I have seen dead foxes and badgers on the side of the road. Apparently I don’t really want to encounter a badger alive as they will stand their ground and can be vicious. Foxes over here are looked upon as we do coyotes. I think coyotes in Portland are pretty cool, since we occasionally see them in our neighborhood. There are no coyotes in England. Nor are their raccoons, or so I am told.
I don’t consider my staff a wild bunch, but they are sure fun to teach with. Only a couple felt like having their photo taken the day I brought my camera to school.
This is Mrs Hill. She is one of our three part time secretaries. She is very nice and keeps calm when danger strikes!
This is Mrs Allen.
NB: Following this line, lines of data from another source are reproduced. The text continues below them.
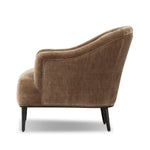 With elements of past eras at play, this updated Deco chair features a rounded back, sloped arms and a dramatic channel. The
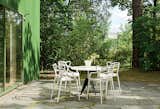 Outside, Kartell Masters chairs surround a Tom Dixon Screw table.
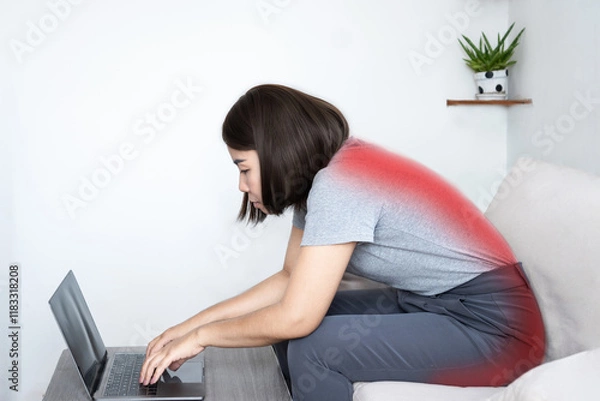 Obraz slouching position concept with Asian woman hunching her back at  computer desk and sitting in bad posture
She is a TA and is sadly leaving Waltham. She helps out in my classroom a lot. Alas, no more. We work well as a team. I hear she is a mean beater in a pheasant hunt.
This is Mrs Triggs. She teaches years 5/6. She is also my mentor teacher. She marks a lot of papers in her spare time much to the chagrin of her husband.
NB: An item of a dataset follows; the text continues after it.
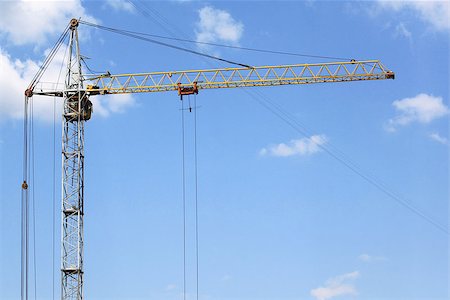simsearch:400-04422019,k - A large construction crane against the blue sky Fotografie stock - Microstock e Abbonamento, Codice: 400-07049387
Lastly we have Mrs Nott. She is our other school TA. I don’t work with her much, but I hear that students float on air when she is teaching. Her husband makes homemade charcoal and we have cooked with it.
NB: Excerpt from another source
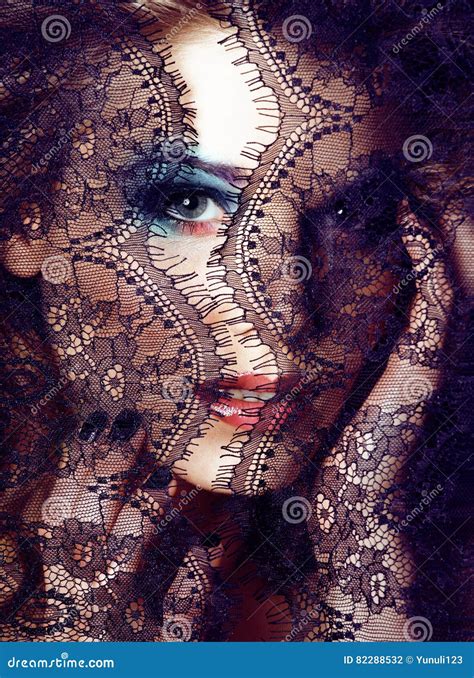 Portrait Of Beauty Blond Young Woman Through Black Lace Close Up Stock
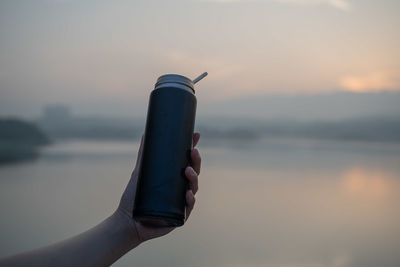 Midsection of woman holding umbrella against sea during sunset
The other weekend we went down to Rutland for a walk around the water. Rutland is the smallest county in England and is only recently re-instated as independent. The Rutland Water is apparently the largest man-made lake in Western Europe. We did a 3.5 mile hike and had a great time on a really sunny day. Kids were great, sites were great, and the wildlife was in your face.
The sheep were right on the path we were on.
Our kids really like walking with us. They don’t mind the time it takes and we all enjoy the fresh air.
Three horses and about six cows caught us by surprise when we rounded a corner. Annika knows how to talk with horses and immediately was stroking one horse’s head. Zachary, on the other hand, was trying to get it to bite his stick. We put a stop to that nonsense straight away.
The Old Hall in Rutland. Yes, it looked really old. I wished out loud that we were living in this home right on the water.
The kids tried, and failed, to pet any of these sheep.
As with any well intended hike there is beer at the end of the trail. In this case a brewery in Oakham, about 5 miles from the Rutland Water.
Good beers on tap. We are actively seeking out the little breweries when we can. Pubs are ubiquitous, but the brew pubs take more effort to find. They brew in the real ale style, so they are hand-drawn from casks in the basement and served at cellar temperature.